Result Table

Syntax

Different Flink environments may have slightly varying SQL syntax formats. Check the event environment format for more details. The parameter names and values that come after with are specific to this document.

     create table dwsSink (
  attr_name attr_type 
  (',' attr_name attr_type)* 
  (','PRIMARY KEY (attr_name, ...) NOT ENFORCED)
)
with (
  'connector' = 'dws',
  'url' = '',
  'tableName' = '',
  'username' = '',
  'password' = ''
);
 
 
  

Flink SQL Configuration Parameters

Primary keys set in Flink SQL are automatically mapped to unique keys in DWS client. The parameters are released with the client version. The parameter functions are the same as those on the client. The following parameters are the latest parameters.

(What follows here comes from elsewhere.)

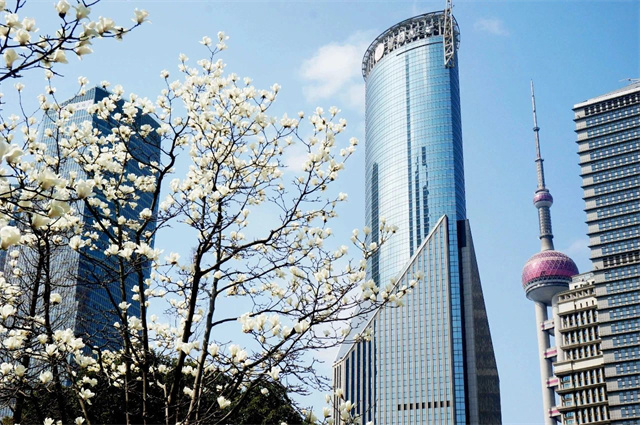 微信图片_20250312140646.jpg 微信图片_20250312140646.jpg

**Table 1** Database configurations
Parameter	Description	Default Value
connector	The Flink framework differentiates connector parameters. This parameter is fixed to dws.	-
url	Database connection address	-
username	Configured connection user	-
password	Configured password	-
tableName	DWS table	-

**Table 2** Connection configurations
Parameter	Description	Default Value
connectionSize	Number of concurrent requests at DWS client initialization	1
connectionMaxUseTimeSeconds	Number of seconds after which a connection is forcibly released. The unit is second.	3,600 (one hour)
connectionMaxIdleMs	Maximum idle time of a connection, in milliseconds. If the idle time of a connection exceeds the value, the connection is released.	60,000 (one minute)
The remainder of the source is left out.